● **Provided data**
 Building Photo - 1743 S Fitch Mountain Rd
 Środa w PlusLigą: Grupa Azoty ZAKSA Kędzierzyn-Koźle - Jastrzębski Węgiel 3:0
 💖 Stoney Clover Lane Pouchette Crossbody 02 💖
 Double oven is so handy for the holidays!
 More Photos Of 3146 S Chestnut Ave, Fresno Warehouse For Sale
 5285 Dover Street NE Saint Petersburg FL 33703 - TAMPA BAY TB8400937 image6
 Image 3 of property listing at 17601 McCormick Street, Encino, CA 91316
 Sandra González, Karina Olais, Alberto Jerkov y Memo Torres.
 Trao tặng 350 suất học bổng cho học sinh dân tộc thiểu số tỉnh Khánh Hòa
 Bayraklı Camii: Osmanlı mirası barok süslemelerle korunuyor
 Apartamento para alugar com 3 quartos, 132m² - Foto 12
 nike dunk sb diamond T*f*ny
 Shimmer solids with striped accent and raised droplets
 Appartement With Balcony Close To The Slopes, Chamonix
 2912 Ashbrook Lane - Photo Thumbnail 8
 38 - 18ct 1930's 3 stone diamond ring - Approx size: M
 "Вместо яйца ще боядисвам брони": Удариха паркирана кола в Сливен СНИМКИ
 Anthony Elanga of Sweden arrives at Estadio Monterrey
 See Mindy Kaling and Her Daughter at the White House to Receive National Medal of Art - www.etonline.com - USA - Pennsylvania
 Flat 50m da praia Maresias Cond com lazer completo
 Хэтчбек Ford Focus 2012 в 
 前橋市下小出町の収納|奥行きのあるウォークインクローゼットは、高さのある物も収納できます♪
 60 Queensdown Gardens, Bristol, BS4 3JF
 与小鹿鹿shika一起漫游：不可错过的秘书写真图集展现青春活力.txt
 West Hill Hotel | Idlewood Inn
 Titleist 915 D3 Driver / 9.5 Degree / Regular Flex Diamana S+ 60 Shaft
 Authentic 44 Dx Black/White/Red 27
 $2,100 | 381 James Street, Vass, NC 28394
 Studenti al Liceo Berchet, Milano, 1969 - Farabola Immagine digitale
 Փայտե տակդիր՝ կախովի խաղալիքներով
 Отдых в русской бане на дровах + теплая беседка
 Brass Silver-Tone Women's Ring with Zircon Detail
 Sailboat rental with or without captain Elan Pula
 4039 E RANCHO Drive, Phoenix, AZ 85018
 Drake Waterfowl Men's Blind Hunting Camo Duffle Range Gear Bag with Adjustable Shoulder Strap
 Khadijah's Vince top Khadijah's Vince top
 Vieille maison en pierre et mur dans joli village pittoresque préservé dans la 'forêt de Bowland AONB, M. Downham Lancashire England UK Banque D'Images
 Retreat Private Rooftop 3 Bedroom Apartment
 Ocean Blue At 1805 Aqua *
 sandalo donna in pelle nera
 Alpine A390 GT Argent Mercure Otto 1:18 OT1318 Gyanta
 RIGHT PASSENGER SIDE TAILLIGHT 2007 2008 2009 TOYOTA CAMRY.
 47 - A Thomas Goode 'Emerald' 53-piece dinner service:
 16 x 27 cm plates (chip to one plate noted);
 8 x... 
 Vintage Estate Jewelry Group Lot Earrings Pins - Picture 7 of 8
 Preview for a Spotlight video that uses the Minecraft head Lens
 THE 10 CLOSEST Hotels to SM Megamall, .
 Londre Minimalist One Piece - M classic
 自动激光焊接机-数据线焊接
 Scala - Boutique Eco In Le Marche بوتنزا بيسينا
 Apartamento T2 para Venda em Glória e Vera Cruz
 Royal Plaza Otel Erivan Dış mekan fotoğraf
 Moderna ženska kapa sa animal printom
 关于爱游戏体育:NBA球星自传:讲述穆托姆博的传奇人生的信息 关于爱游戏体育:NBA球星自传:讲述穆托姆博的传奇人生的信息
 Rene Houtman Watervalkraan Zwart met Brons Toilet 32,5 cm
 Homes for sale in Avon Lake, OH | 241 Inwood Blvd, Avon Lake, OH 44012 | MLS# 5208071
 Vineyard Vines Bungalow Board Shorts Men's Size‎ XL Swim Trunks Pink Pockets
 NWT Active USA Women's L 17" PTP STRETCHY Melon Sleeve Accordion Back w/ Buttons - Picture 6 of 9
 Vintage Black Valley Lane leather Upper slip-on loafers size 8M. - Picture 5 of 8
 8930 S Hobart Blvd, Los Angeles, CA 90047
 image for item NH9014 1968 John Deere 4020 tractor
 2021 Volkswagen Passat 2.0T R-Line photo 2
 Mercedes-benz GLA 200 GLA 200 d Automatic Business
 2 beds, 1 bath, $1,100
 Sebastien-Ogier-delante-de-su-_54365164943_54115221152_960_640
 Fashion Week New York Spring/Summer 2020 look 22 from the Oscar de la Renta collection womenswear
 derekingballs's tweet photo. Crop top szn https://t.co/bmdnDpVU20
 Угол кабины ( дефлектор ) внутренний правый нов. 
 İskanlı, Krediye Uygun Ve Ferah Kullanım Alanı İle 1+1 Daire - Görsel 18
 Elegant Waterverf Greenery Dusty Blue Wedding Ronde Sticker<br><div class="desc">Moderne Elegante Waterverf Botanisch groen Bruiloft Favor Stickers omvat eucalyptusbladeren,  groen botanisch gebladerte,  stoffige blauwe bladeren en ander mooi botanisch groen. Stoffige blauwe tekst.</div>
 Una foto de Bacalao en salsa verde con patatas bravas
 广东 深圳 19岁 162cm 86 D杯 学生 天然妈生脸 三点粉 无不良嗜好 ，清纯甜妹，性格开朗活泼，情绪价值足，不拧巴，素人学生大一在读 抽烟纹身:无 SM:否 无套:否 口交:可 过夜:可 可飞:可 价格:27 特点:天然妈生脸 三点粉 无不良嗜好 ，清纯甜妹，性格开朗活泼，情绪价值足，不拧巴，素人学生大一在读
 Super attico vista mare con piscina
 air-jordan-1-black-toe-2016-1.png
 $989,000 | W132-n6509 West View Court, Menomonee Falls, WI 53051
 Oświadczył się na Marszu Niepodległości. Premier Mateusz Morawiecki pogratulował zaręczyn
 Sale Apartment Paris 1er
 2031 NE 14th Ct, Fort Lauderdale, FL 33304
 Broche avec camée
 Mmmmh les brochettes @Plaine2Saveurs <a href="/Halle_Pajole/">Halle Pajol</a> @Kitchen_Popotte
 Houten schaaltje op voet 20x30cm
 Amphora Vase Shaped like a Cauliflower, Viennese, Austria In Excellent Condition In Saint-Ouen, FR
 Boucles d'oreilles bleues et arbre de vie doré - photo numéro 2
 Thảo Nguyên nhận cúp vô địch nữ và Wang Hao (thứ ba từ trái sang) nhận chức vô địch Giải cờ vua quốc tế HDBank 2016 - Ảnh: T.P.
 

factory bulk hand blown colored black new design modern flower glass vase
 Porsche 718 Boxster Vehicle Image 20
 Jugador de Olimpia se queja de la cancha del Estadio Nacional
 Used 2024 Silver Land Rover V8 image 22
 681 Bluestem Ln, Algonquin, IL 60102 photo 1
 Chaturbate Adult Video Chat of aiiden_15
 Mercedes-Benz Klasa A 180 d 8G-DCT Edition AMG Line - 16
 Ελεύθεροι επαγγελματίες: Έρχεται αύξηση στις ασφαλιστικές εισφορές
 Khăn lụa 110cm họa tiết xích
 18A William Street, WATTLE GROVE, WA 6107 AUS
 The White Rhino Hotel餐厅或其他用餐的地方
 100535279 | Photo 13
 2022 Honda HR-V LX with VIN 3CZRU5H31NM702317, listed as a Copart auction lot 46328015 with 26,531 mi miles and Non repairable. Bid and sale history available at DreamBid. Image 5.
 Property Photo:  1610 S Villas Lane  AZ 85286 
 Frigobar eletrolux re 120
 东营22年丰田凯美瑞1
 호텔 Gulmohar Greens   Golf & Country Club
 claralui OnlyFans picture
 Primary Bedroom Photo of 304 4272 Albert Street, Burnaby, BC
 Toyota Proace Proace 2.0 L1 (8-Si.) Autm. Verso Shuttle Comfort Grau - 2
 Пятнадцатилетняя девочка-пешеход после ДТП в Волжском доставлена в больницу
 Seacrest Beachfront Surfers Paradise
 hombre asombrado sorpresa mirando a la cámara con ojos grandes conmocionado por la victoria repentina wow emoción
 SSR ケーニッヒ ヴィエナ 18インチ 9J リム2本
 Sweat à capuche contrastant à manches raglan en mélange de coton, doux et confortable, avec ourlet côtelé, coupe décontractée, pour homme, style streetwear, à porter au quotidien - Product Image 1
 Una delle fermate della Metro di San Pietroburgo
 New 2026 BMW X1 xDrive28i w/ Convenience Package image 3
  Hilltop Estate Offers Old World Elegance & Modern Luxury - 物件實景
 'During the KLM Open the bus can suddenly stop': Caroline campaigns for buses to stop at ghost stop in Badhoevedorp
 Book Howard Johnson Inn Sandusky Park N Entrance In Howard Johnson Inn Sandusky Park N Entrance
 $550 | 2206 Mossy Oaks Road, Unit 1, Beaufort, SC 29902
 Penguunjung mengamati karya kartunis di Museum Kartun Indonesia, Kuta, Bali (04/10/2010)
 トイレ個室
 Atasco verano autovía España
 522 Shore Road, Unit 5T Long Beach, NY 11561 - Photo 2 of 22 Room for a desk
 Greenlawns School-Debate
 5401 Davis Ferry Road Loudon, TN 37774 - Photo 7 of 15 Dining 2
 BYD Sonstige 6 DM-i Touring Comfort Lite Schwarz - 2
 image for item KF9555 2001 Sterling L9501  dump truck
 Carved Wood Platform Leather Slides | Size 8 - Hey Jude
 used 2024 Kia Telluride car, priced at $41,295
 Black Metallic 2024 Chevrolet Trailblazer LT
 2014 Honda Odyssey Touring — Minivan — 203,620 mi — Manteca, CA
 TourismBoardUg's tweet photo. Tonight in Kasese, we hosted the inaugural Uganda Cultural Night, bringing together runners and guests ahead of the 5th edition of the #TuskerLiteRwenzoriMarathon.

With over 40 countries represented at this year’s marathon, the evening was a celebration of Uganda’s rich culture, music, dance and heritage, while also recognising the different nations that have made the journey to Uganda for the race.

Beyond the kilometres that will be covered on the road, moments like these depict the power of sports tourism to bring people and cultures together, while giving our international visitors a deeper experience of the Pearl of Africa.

● **Required action**
For this exercise, please output exactly the lines above starting at the line with "与小鹿鹿shika一起漫游：不可错过的秘书写真图集展现青春活力.txt" and ending at the line with "Drake Waterfowl Men's", ends included.

● **Expected output**
 与小鹿鹿shika一起漫游：不可错过的秘书写真图集展现青春活力.txt
 West Hill Hotel | Idlewood Inn
 Titleist 915 D3 Driver / 9.5 Degree / Regular Flex Diamana S+ 60 Shaft
 Authentic 44 Dx Black/White/Red 27
 $2,100 | 381 James Street, Vass, NC 28394
 Studenti al Liceo Berchet, Milano, 1969 - Farabola Immagine digitale
 Փայտե տակդիր՝ կախովի խաղալիքներով
 Отдых в русской бане на дровах + теплая беседка
 Brass Silver-Tone Women's Ring with Zircon Detail
 Sailboat rental with or without captain Elan Pula
 4039 E RANCHO Drive, Phoenix, AZ 85018
 Drake Waterfowl Men's Blind Hunting Camo Duffle Range Gear Bag with Adjustable Shoulder Strap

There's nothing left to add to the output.